You are viewing a plain text version of this content. The canonical link for it is here.
Posted to solr-user@lucene.apache.org by ilay raja <il...@gmail.com> on 2013/12/19 11:44:51 UTC

Solr cloud (4.6.0) instances going down

Hi,

  I have deployed solr cloud with external zookeeper ensemble (5
instances). I am running solr instances on two servers with single shard
index. There are 6 replicas. I often see solr going down during high search
load (or) whenever i run indexing documents. I tried tuning hardcommit
(kept as 15 mins) and softcommits(12 mins). Also, set zkClientTimeout as 30
secs. I observed sometimes OOM, Socket exceptions., EOF exceptions in solr
logs while the instance is going down. Also, zookeeper recovery for the
solr instance is going in loop .... My use case is sort of high search (100
queries per sec) / heavy indexing (10 K docs per minute). What is the best
way to keep stable solr cloud isntances with external ensemble. Should we
try running zookeeper internally, because looks like zookeeper handshaking
might be an issue as well. Is solr cloud stable for production ? or there
are open issues still. Please guide me.

RE: Solr cloud (4.6.0) instances going down

Posted by Uwe Schindler <uw...@thetaphi.de>.
Hi,

 

this is the development mailing list. Please ask such questions on solr-user@lucene.apache.org

 

Uwe

 

-----

Uwe Schindler

H.-H.-Meier-Allee 63, D-28213 Bremen

 <http://www.thetaphi.de/> http://www.thetaphi.de

eMail: uwe@thetaphi.de

 

From: ilay raja [mailto:ilay.msp@gmail.com] 
Sent: Thursday, December 19, 2013 11:45 AM
To: solr-user@lucene.apache.org; solr-dev@lucene.apache.org
Subject: Solr cloud (4.6.0) instances going down

 

Hi,

 

  I have deployed solr cloud with external zookeeper ensemble (5 instances). I am running solr instances on two servers with single shard index. There are 6 replicas. I often see solr going down during high search load (or) whenever i run indexing documents. I tried tuning hardcommit (kept as 15 mins) and softcommits(12 mins). Also, set zkClientTimeout as 30 secs. I observed sometimes OOM, Socket exceptions., EOF exceptions in solr logs while the instance is going down. Also, zookeeper recovery for the solr instance is going in loop .... My use case is sort of high search (100 queries per sec) / heavy indexing (10 K docs per minute). What is the best way to keep stable solr cloud isntances with external ensemble. Should we try running zookeeper internally, because looks like zookeeper handshaking might be an issue as well. Is solr cloud stable for production ? or there are open issues still. Please guide me.

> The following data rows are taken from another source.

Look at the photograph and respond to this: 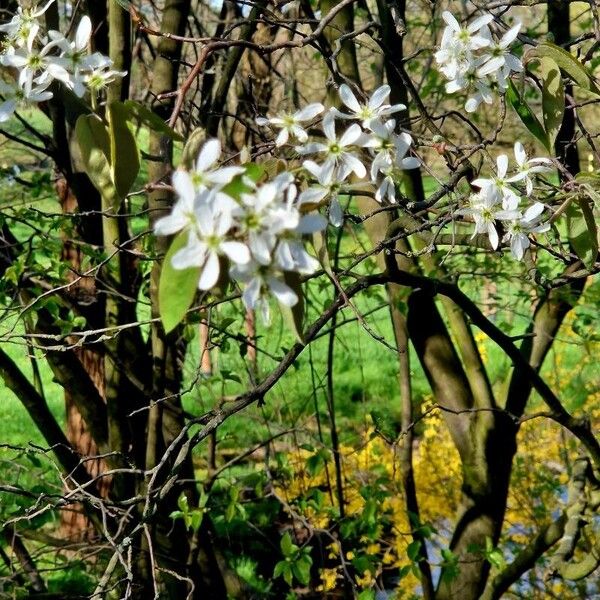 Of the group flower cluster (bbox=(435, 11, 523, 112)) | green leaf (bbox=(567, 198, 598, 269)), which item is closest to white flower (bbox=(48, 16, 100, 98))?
flower cluster (bbox=(435, 11, 523, 112))

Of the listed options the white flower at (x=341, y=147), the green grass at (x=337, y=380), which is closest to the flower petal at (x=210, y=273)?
the white flower at (x=341, y=147)

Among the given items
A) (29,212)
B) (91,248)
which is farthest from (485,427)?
(29,212)

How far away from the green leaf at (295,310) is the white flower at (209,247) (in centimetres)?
9

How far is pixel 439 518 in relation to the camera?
4152 millimetres

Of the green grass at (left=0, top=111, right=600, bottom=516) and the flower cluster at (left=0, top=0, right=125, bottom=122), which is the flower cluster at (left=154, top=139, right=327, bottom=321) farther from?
the green grass at (left=0, top=111, right=600, bottom=516)

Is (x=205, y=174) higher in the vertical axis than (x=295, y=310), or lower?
higher

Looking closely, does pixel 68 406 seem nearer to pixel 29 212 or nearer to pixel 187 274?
pixel 29 212

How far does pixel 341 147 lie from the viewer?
110 centimetres

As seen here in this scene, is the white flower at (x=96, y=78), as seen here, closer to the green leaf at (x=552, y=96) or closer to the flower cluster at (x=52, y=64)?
the flower cluster at (x=52, y=64)

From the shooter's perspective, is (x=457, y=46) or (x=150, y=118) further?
(x=457, y=46)

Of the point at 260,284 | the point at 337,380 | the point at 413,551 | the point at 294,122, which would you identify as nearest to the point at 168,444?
the point at 413,551

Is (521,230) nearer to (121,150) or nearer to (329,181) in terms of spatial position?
(329,181)

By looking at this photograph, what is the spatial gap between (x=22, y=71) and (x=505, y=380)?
2191 mm

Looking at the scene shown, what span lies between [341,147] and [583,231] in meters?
0.38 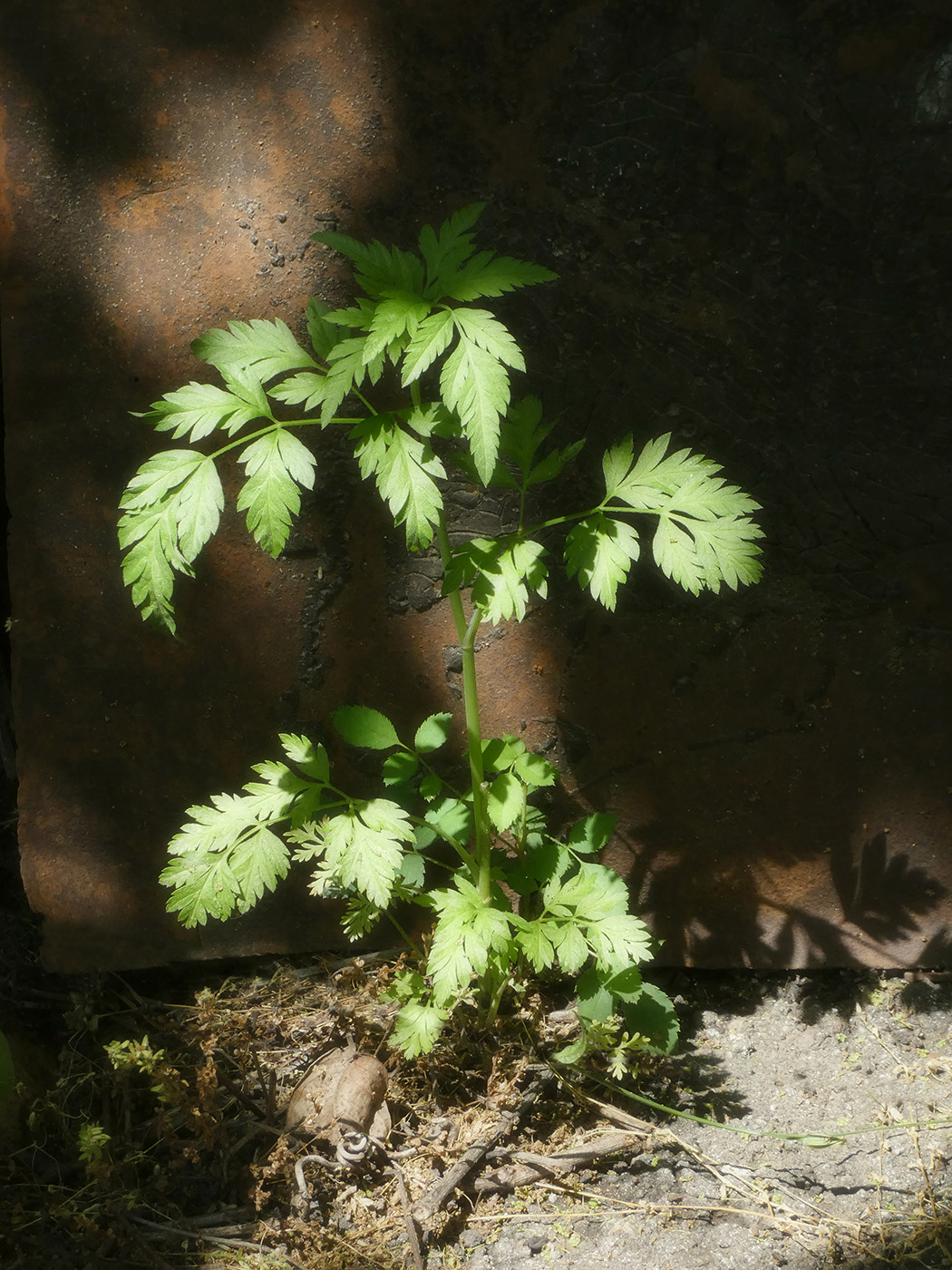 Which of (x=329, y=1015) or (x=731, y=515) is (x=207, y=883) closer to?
(x=329, y=1015)

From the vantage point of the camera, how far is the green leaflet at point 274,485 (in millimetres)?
1544

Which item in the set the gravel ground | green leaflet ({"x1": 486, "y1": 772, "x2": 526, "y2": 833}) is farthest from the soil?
green leaflet ({"x1": 486, "y1": 772, "x2": 526, "y2": 833})

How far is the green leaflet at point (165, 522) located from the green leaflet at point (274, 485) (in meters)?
0.07

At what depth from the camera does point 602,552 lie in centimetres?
165

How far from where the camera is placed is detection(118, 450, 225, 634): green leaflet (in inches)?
62.1

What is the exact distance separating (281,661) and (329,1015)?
2.66ft

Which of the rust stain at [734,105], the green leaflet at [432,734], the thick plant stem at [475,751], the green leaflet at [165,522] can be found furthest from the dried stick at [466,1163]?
the rust stain at [734,105]

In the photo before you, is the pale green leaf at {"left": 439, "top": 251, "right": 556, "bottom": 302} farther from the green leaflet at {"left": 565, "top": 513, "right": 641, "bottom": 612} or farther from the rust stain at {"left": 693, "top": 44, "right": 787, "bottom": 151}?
the rust stain at {"left": 693, "top": 44, "right": 787, "bottom": 151}

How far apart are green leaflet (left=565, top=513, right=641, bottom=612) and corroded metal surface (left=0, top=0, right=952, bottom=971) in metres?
0.45

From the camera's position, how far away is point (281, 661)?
7.35 ft

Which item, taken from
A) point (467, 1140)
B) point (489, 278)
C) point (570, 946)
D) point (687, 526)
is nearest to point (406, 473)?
point (489, 278)

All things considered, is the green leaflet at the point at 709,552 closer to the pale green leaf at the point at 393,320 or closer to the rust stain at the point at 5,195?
the pale green leaf at the point at 393,320

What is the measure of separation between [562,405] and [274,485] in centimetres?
73

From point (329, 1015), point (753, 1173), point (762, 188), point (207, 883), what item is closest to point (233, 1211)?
point (329, 1015) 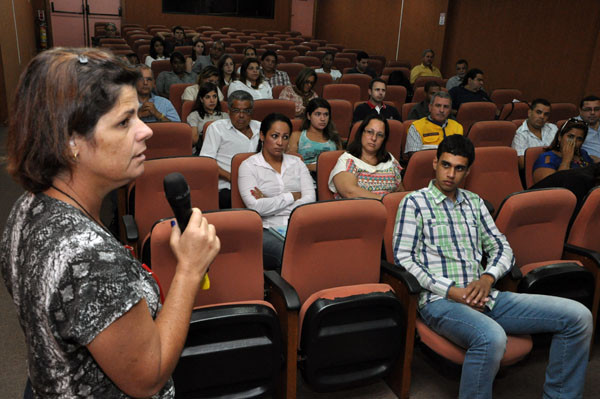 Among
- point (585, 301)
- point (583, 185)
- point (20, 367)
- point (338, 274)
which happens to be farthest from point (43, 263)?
point (583, 185)

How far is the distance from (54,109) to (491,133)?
13.8 feet

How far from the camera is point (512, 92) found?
24.0 ft

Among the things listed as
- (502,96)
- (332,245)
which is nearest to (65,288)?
(332,245)

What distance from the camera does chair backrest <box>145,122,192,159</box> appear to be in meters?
3.57

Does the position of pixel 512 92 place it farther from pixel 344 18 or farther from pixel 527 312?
pixel 344 18

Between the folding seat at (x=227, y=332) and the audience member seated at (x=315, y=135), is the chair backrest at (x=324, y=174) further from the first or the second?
the folding seat at (x=227, y=332)

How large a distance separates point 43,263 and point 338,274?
1640 mm

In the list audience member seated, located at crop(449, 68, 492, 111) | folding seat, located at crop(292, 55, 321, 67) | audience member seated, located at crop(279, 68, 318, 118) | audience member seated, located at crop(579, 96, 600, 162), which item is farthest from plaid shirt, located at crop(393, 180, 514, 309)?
folding seat, located at crop(292, 55, 321, 67)

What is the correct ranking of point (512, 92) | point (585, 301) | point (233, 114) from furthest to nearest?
point (512, 92) < point (233, 114) < point (585, 301)

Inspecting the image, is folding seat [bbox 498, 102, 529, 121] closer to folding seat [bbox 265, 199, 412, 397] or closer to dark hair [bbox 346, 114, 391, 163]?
dark hair [bbox 346, 114, 391, 163]

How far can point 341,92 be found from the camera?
629cm

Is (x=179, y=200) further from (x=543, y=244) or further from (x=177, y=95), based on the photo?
(x=177, y=95)

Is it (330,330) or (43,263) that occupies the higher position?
(43,263)

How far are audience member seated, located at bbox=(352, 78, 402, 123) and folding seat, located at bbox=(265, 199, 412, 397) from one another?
3.14 metres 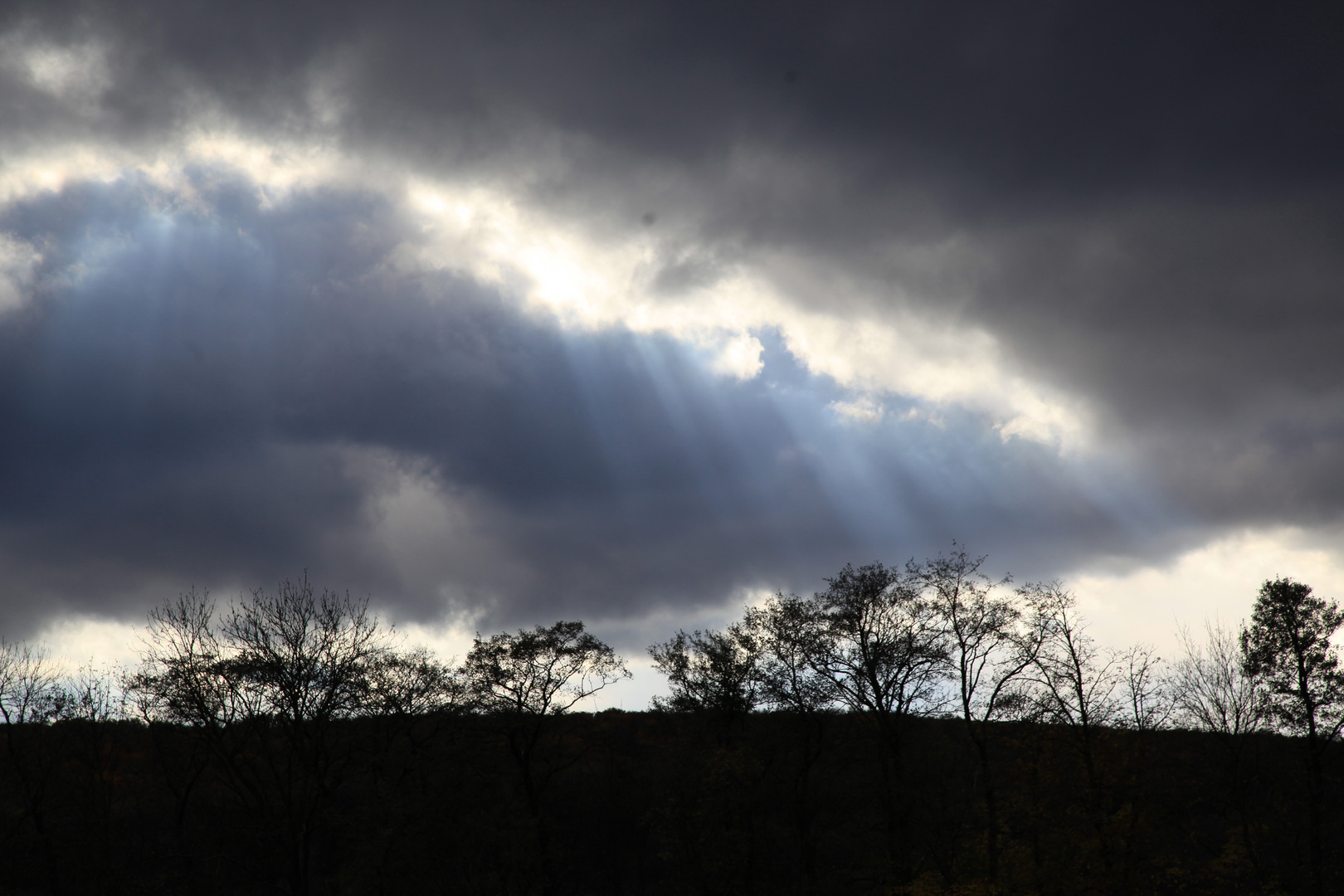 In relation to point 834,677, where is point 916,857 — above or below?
below

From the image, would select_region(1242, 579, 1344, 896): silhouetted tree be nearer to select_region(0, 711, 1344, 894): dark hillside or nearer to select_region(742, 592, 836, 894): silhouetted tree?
select_region(0, 711, 1344, 894): dark hillside

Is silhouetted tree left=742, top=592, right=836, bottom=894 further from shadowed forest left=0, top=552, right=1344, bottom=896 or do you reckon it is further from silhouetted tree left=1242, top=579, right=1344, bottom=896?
silhouetted tree left=1242, top=579, right=1344, bottom=896

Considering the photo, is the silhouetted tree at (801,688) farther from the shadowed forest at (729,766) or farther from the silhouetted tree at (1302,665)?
the silhouetted tree at (1302,665)

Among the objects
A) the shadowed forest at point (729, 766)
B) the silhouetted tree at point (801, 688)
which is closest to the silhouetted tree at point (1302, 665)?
the shadowed forest at point (729, 766)

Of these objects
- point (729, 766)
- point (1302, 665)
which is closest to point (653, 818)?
point (729, 766)

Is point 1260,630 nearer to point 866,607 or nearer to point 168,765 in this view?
point 866,607

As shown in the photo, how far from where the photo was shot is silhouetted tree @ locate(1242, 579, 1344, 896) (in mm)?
47094

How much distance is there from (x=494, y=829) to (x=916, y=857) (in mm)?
23373

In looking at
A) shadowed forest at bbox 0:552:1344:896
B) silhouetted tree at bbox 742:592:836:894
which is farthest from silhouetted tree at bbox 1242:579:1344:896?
silhouetted tree at bbox 742:592:836:894

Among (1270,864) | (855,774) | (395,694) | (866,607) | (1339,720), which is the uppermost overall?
(866,607)

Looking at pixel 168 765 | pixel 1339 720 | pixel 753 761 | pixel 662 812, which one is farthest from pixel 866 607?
pixel 168 765

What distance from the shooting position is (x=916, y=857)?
46406 mm

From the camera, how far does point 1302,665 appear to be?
47719 mm

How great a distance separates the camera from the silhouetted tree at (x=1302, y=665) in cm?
4709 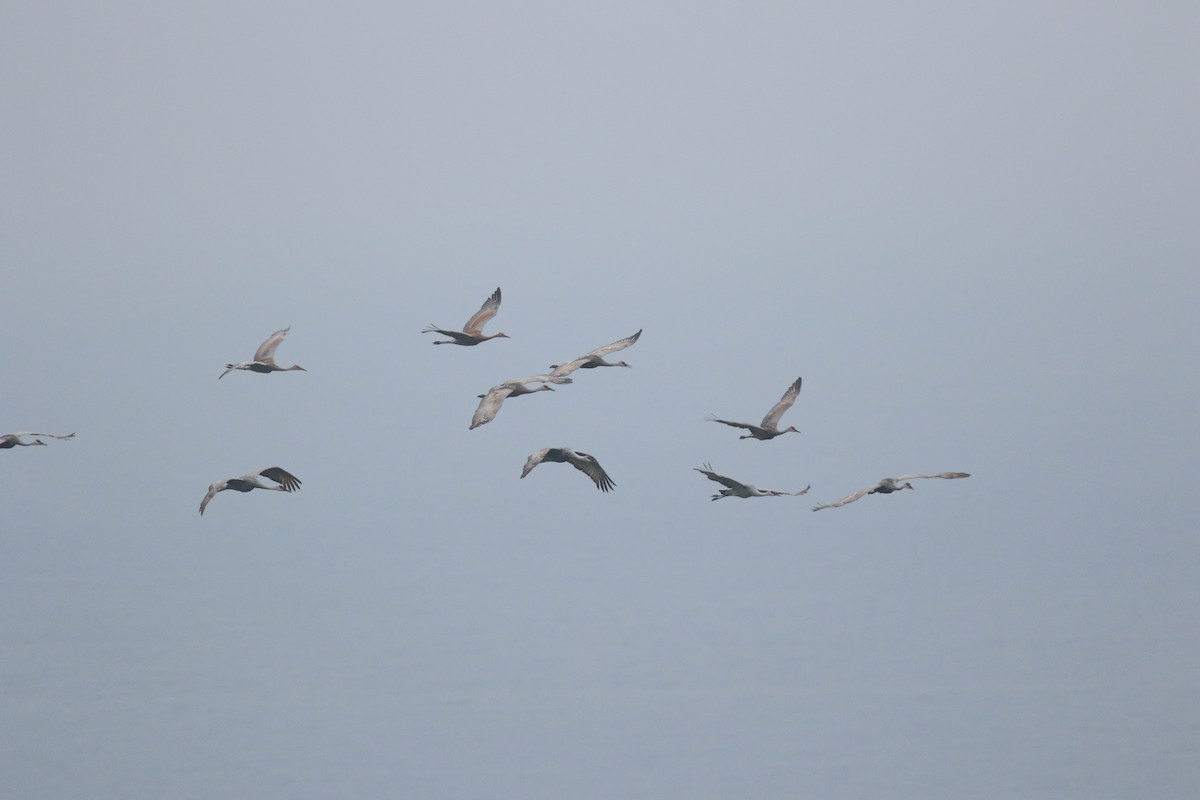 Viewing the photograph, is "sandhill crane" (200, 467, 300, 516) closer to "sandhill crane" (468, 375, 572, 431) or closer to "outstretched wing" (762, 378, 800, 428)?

Re: Solr cloud (4.6.0) instances going down

Posted by ilay raja <il...@gmail.com>.
On Thu, Dec 19, 2013 at 4:14 PM, ilay raja <il...@gmail.com> wrote:

> Hi,
>
>   I have deployed solr cloud with external zookeeper ensemble (5
> instances). I am running solr instances on two servers with single shard
> index. There are 6 replicas. I often see solr going down during high search
> load (or) whenever i run indexing documents. I tried tuning hardcommit
> (kept as 15 mins) and softcommits(12 mins). Also, set zkClientTimeout as 30
> secs. I observed sometimes OOM, Socket exceptions., EOF exceptions in solr
> logs while the instance is going down. Also, zookeeper recovery for the
> solr instance is going in loop .... My use case is sort of high search (100
> queries per sec) / heavy indexing (10 K docs per minute). What is the best
> way to keep stable solr cloud isntances with external ensemble. Should we
> try running zookeeper internally, because looks like zookeeper handshaking
> might be an issue as well. Is solr cloud stable for production ? or there
> are open issues still. Please guide me.
>

Re: Solr cloud (4.6.0) instances going down

Posted by Yago Riveiro <ya...@gmail.com>.
I have a lot of problem with the stability of my cloud. 

To improve the stability:

- Move zookeeper to another disk, the I/O from solr.home can kill your ensemble.

- Raise the zkTimeoutLimit to 60s

- Don't use a very big heap if you don't need, try with values around 4g and increase until OOM doesn't happen.

- Use the recommendations to tune the heap from http://wiki.apache.org/solr/ShawnHeisey#GC_Tuning, 99% of my problems with zookeeper was fixed.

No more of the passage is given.